### Provided entries
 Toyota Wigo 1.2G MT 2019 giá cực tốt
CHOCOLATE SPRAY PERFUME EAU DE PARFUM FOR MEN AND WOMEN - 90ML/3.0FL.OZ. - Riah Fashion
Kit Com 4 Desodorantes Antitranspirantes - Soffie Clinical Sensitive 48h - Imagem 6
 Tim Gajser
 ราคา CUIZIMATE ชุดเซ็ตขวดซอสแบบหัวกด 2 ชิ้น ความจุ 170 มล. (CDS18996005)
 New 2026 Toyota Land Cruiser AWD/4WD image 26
---
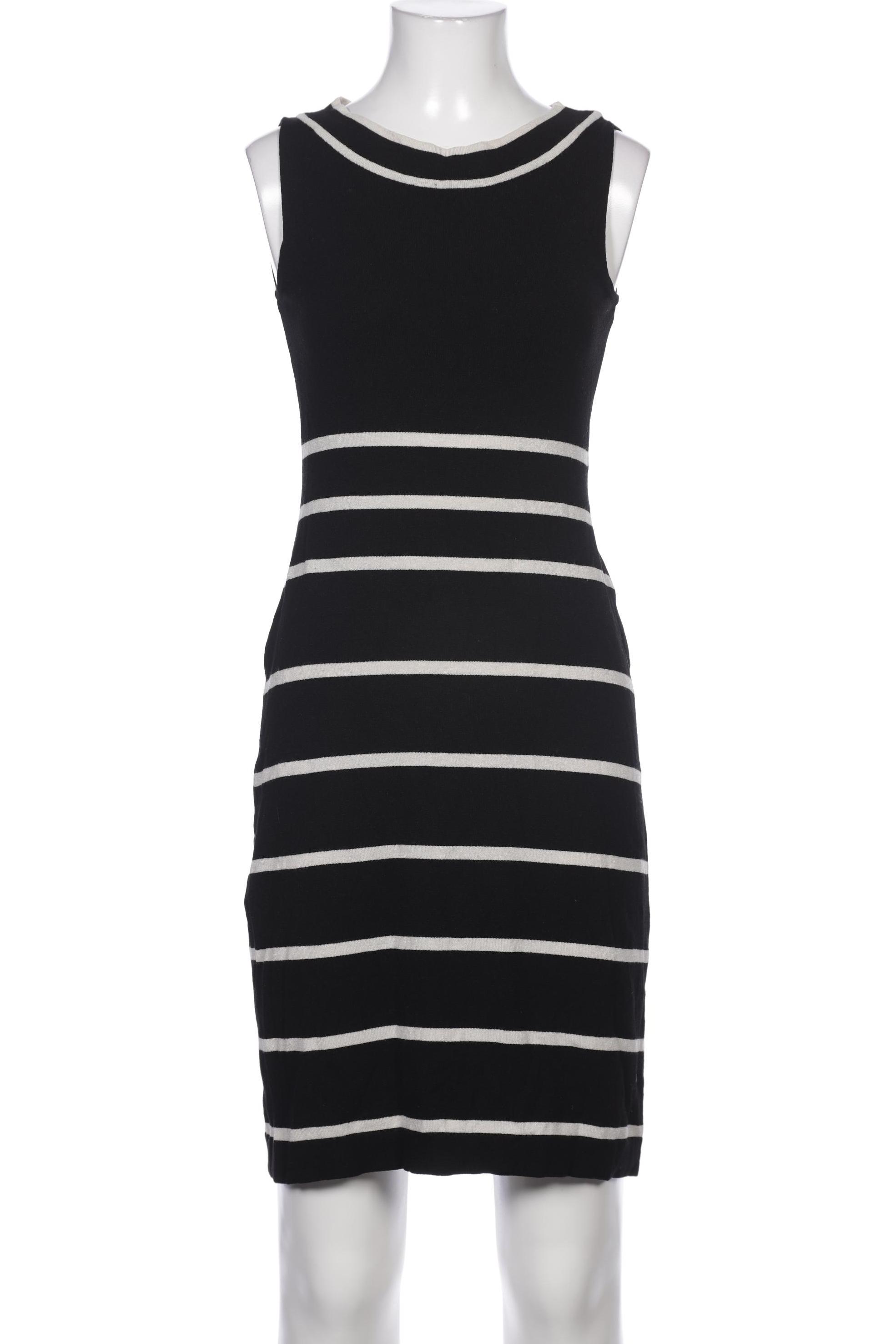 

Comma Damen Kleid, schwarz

### What needs to be done
How many lines in the listing above contain "Toyota"? Give only the number.

### Task solution
2